**THE DATA:**
------------------------------------------------------------

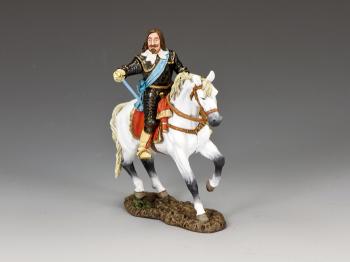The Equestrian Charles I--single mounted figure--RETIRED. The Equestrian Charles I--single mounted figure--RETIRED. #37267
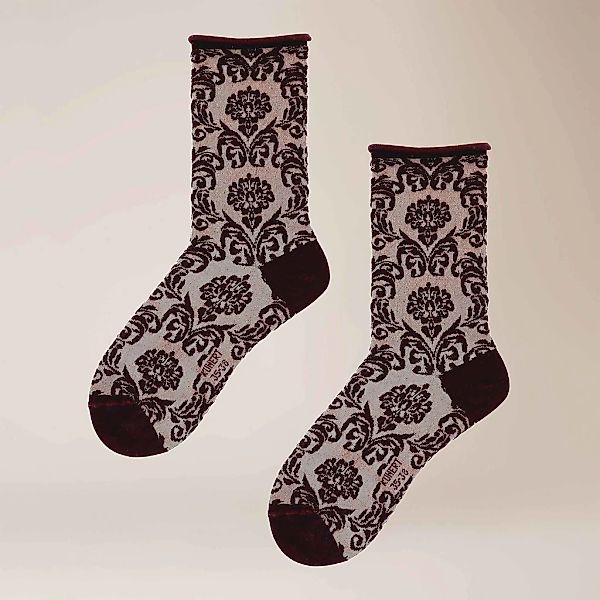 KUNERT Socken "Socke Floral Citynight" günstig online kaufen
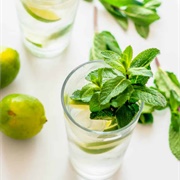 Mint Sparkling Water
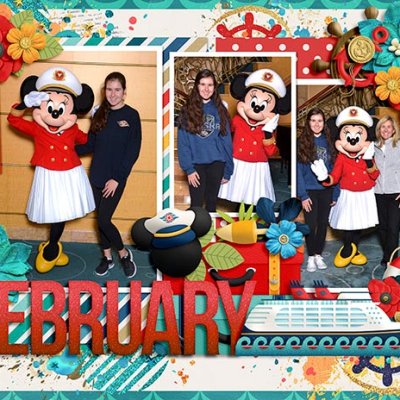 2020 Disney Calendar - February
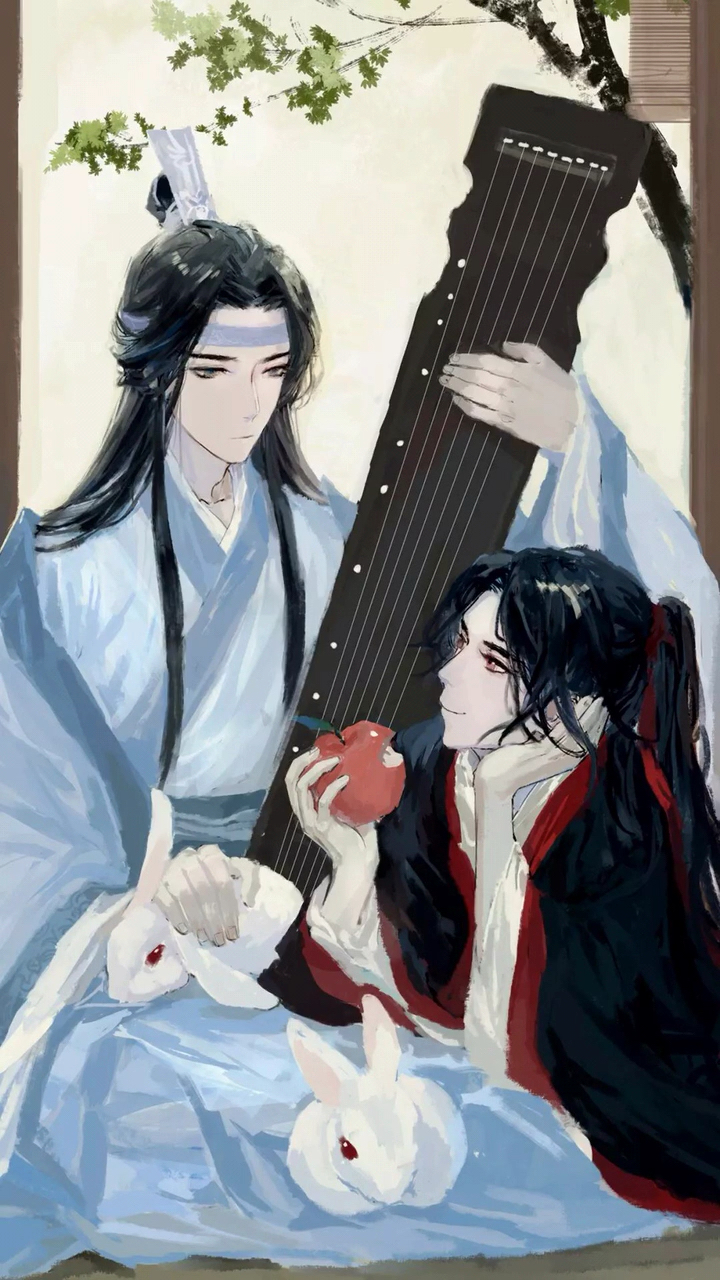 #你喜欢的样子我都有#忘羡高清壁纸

------------------------------------------------------------

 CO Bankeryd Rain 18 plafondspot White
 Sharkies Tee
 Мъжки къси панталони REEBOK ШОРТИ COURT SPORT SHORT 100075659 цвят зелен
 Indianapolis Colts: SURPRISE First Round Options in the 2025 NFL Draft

------------------------------------------------------------

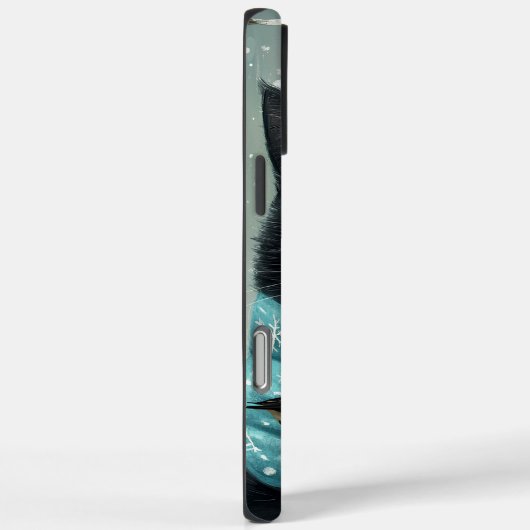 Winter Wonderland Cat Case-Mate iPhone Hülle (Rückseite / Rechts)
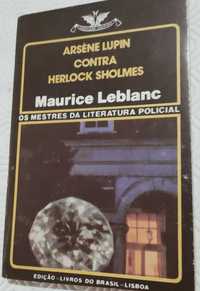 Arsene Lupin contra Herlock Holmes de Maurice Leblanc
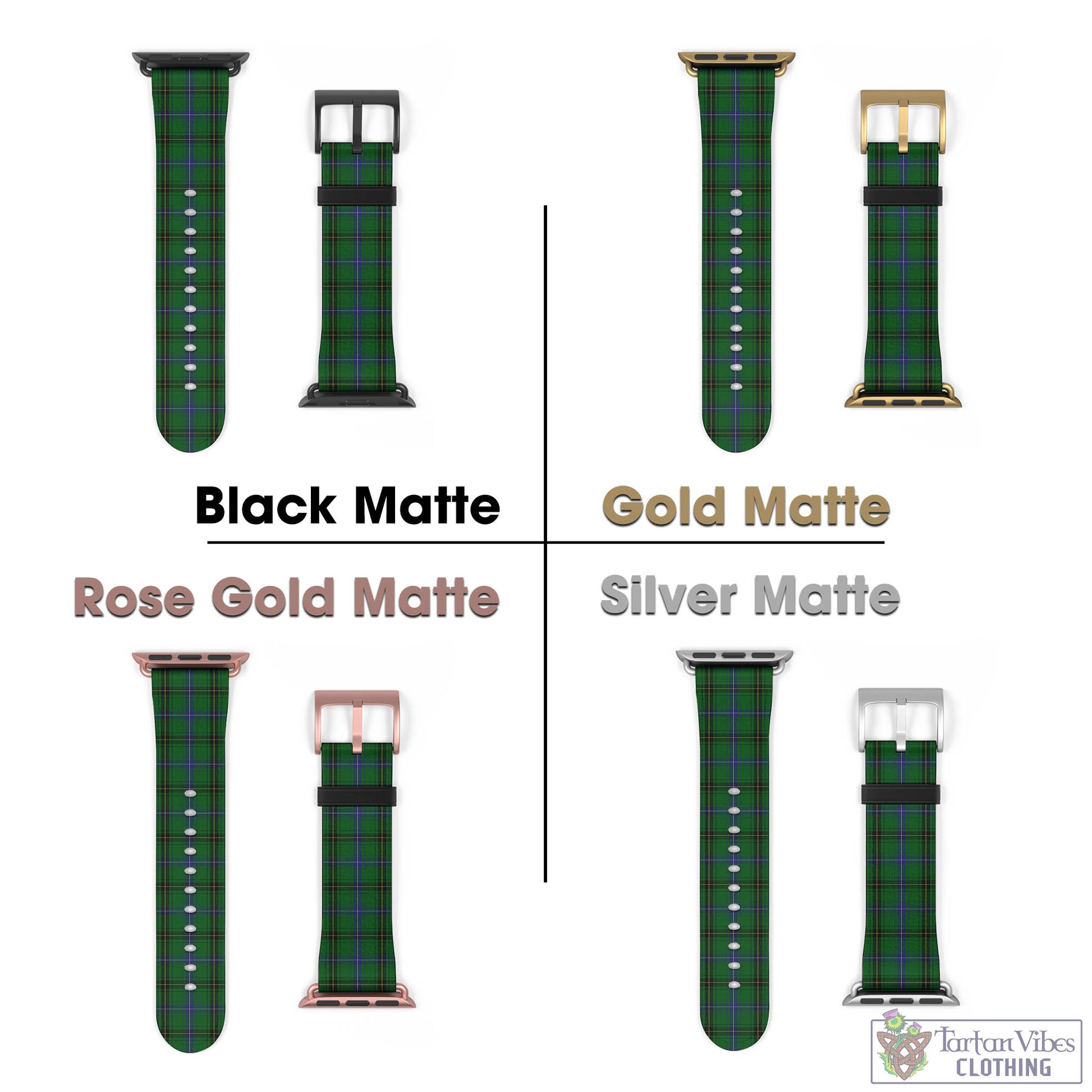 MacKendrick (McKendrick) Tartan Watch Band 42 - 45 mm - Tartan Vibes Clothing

------------------------------------------------------------

**DIRECTIONS FOR THIS TASK:** Range to copy from the listing above: the line containing "2020 Disney Calendar - February" down to the line containing "#你喜欢的样子我都有#忘羡高清壁纸", both included. Reproduce it exactly, minus the pictures, and add nothing.

**RESPONSE:**
 2020 Disney Calendar - February
 #你喜欢的样子我都有#忘羡高清壁纸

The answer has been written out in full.